2015 ISAKOS Biennial Congress Paper #206
Concomitant Anterolateral Ligament Tear is Common but Does Not Influence the Early Clinical Outcomes of Anterior Cruciate Ligament Reconstruction Surgery
Jerry Chen, MBBS, MRCS(Edin), MMed(Orth), Singapore SINGAPORE
Yanrong Yong, MBBS, Singapore SINGAPORE
Meng Ai Png, MBBS, FRCR, FAMS, Singapore SINGAPORE
Tet-Sen Howe, MBBS, FRCS, Singapore SINGAPORE
Denny T. T. Lie, MBBS, FRCS, FAMS, Singapore SINGAPORE
Joyce Koh, MD, Singapore, Singapore SINGAPORE
Lushun Wang, MBBS, MRCS, MMed, Singapore SINGAPORE
Suraya Zainul-Abidin , MBS, MRCS, Singapoe SINGAPORE
Hwei Chi Chong, BSc, Singapore, Singapore SINGAPORE
Paul Chee Cheng Chang, MBBS,FRCS, Singapore SINGAPORE
Singapore General Hospital, Singapore, Singapore, SINGAPORE
FDA Status Cleared
Summary: Concomitant anterolateral ligament tear does not influence early clinical outcomes of anterior cruciate ligament reconstruction surgery.
Residual rotational instability of the knee following anterior cruciate ligament (ACL) reconstruction is common, with a reported incidence up to 20%. The anterolateral ligament (ALL) has recently been characterised as a distinct consistent anatomical structure and hypothesized as an important internal rotatory stabilizer of the knee. It can be torn at the time of ACL injury. However, the indications and benefits of ALL reconstruction in the same setting as ACL reconstruction surgery have not been established. Prompted by the uncertainty surrounding the clinical relevance of concomitant ALL tear in ACL-injured knees, this study aims to establish: 1) the incidence of concomitant ALL tear; 2) if concomitant ALL tear is associated with preoperative positive high-grade pivot shift test and meniscal injuries; 3) if concomitant ALL tear influences early postoperative clinical outcomes of ACL reconstruction surgery.
Power analysis was done prior to the conduct of this study. In 2013, 176 patients with radiological evidence of ACL tear on Magnetic Resonance Imaging (MRI) scans underwent unilateral primary ACL reconstruction surgery at a tertiary centre. Among these patients, 90 (51%) had concomitant ALL tear (ALL tear group), 58 (33%) had an intact ALL (control group), while 28 (16%) had ALL not adequately visualised on MRI. The patients were prospectively followed up. The pivot shift test, Tegner Activity Level and Lysholm scores were assessed preoperatively and at six months after surgery. Testing for normality was done with the Shapiro-Wilk test. The Mann-Whitney U test was used to compare the two groups for quantitative variables with non-normal distribution while the Pearson Chi-Square test was used for categorical variables.
There was no significant difference between the two groups for age, Body Mass Index, gender and side of operated knee (all p>0.05). Similarly, the proportion of patients with preoperative positive high-grade pivot shift test was 45% and 42% in the ALL tear and control groups respectively (p=0.755). However, the proportion of patients with associated meniscal injuries seen on arthroscopy was 49% in the ALL compared to 66% in the control groups (p=0.047). At six months after surgery, the proportion of patients with postoperative positive high-grade pivot shift test were 9% in both groups (p=0.955). The Tegner Activity Level scores were 4 (range 4 to 6) in both groups (p=0.734) while the Lysholm scores were 90 (range 76 to 95) in the ALL group and 93 (range 84 to 95) in the control group (p=0.517).

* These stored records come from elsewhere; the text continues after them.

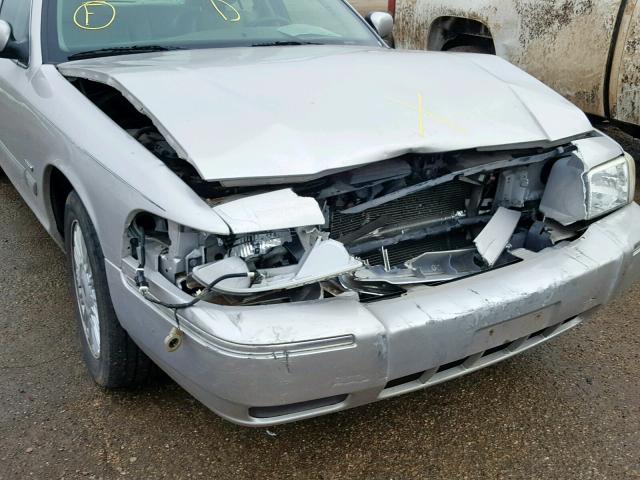 2MEHM75V19X613147 - 2009 MERCURY GRAND MARQ SILVER photo 9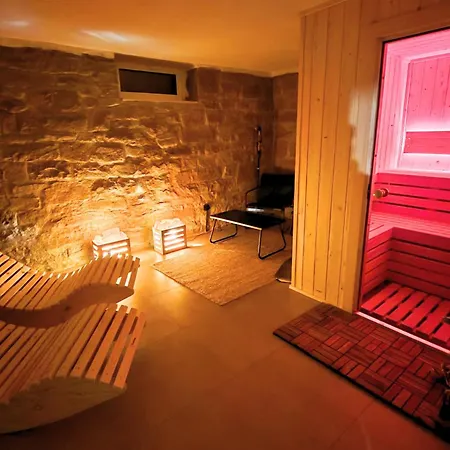 Dom Przy Czerwonym Szlaku - The Red Trail בית חווה *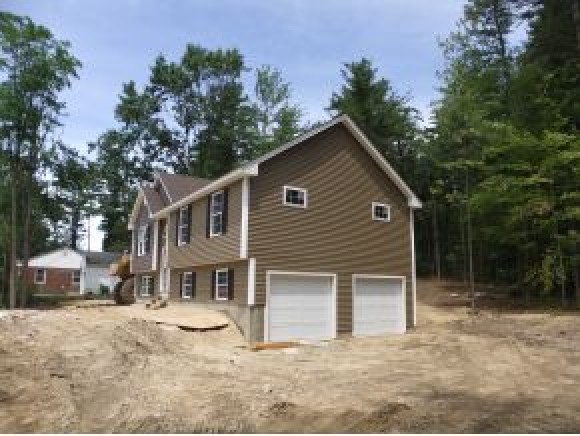 267 Hackett Hill Road Hooksett, NH 03106 - Photo 3 of 11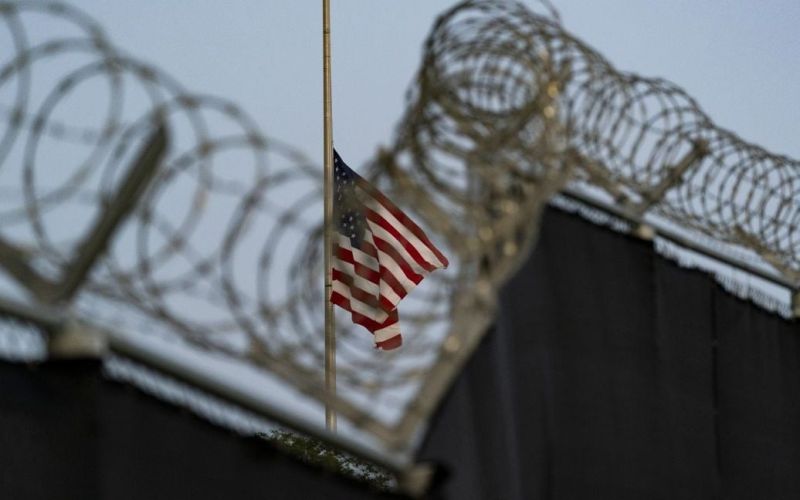 У Трампа хочуть відправити до Гуантанамо тисячі мігрантів: у WP розкрили подробиці і пояснили, чи є загроза для українців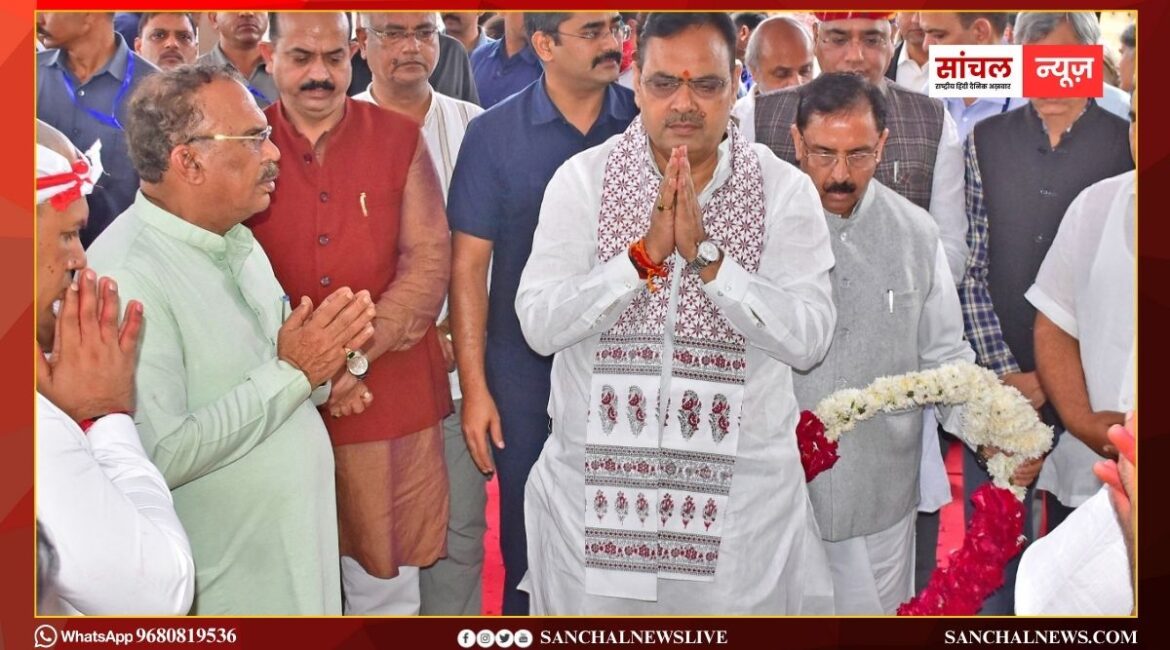 मुख्यमंत्री भजनलाल शर्मा ने वासुदेव देवनानी की पत्‍नी को दी श्रद्धांजलि, अजमेर में गम का माहौल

This study represents the only study available in the literature that evaluated the clinical relevance of concomitant ALL tear in ACL-injured knees. In this study, concomitant ALL tear is common and can be diagnosed on MRI in 51% of patients. However, these patients are less likely to have associated meniscal injuries compared to those with an intact ALL. Interestly, the integrity of the ALL does not influence the early clinical outcomes of ACL reconstruction surgery. The authors conclude that ALL reconstruction in the same setting as ACL reconstruction surgery may be of limited early clinical benefits.